January of 2012 was a heck of a month, at least for stocks. The S&P 500 gained a hefty 4.3%, and the market’s up more than 17% from its October lows. Yet, there’s been a notable lack of volume on the way up. One could put the question this way: Where did all the money go?
There are two potential ways to interpret that — and they’re diametrical opposites.
The bullish theory is the simple assumption that the lack of volume thus far means there’s still a truckload of “cash on the sidelines” ready to flood the market and send it rocketing higher. The bearish interpretation is that any money that was available (and was going to be invested) has already been placed, and there just isn’t anymore waiting to go to work. Thus, what little strength we’ve seen in stocks so far is now going to be winding down.
But there’s even a third theory, and it suggests that the continued growth of the exchange-traded fund industry has quietly garnered all this alleged “cash on the sidelines.” Like with the bearish theory, this means that cash is already in the market and can’t be used to buy again.
Don’t scoff at the idea. We truly may be at the point where we can say money being locked up by ETFs is keeping money out of direct investment in individual stocks. If that’s the case, things could continue to get even tougher for the overall market.
Before we write the obituaries though, let’s look at some measurable trends.
Numbers Don’t Lie
Just to put things in perspective, the biggest energy ETF is the Energy Select Sector SPDR (NYSE:XLE), with a $6.72 billion market cap. Its top two holdings are Chevron (NYSE:CVX) and Exxon Mobil (NYSE:XOM). They make up 15.2% and 19.2% of the fund, respectively, or roughly $2.3 billion worth of the two stocks.
That’s not an alarming problem because Exxon boasts a market cap of nearly $400 billion, and Chevron is a $205 billion company. Surely $2.3 billion worth of the two giants isn’t too much for one institution to own, right?
Well, no. But it’s not just one institution that owns huge chunks of these companies.
The sum total of assets held in ETFs devoted explicitly to energy and oil assets is around $25 billion. Assuming the same proportion of XOM and CVX are held by each, all of a sudden $10 billion worth of $605 billion in market cap is held by one industry.

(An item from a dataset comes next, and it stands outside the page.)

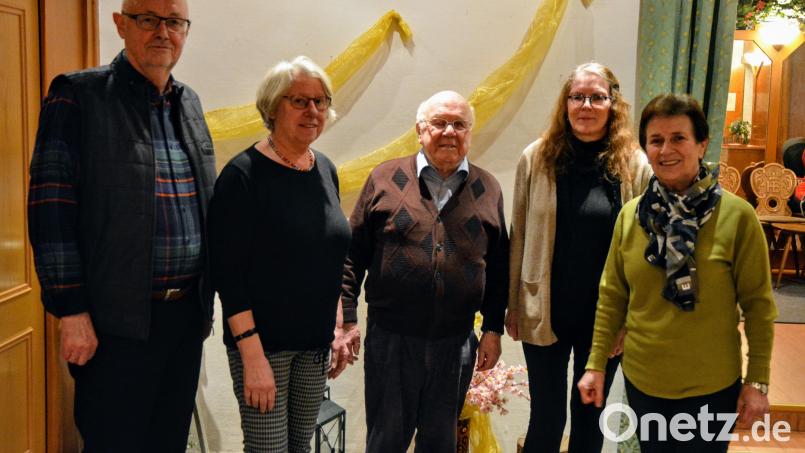 Der neue Vorstand des Skat- und Romméclubs Amberg-Raigering (von links): Schriftführer Peter Fischer, Kassenführung Franziska Körmer, Spielleiter Karl Biehler, Zweite Vorsitzende und Rommésprecherin Birgit Eckl und Vorsitzende Maria Sperber. Bild: fdl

And let’s not forget the market’s biggest index funds, like the SPDR S&P 500 ETF (NYSE:SPY). That’s now a $100 billion fund, 5.4% of which is made up of Exxon Mobil and Chevron. That’s another $5.4 billion worth of the $605 billion market cap of the combined companies now off the table for other investors. How many other sizable index funds are hogging more shares of the market’s biggest companies? Answer: About another $100 billion worth, when adding up all the rest.
And more ETFs are constantly being launched, numbering in the hundreds every year now. Each of them takes another hunk of the effective float for all major stocks off the table.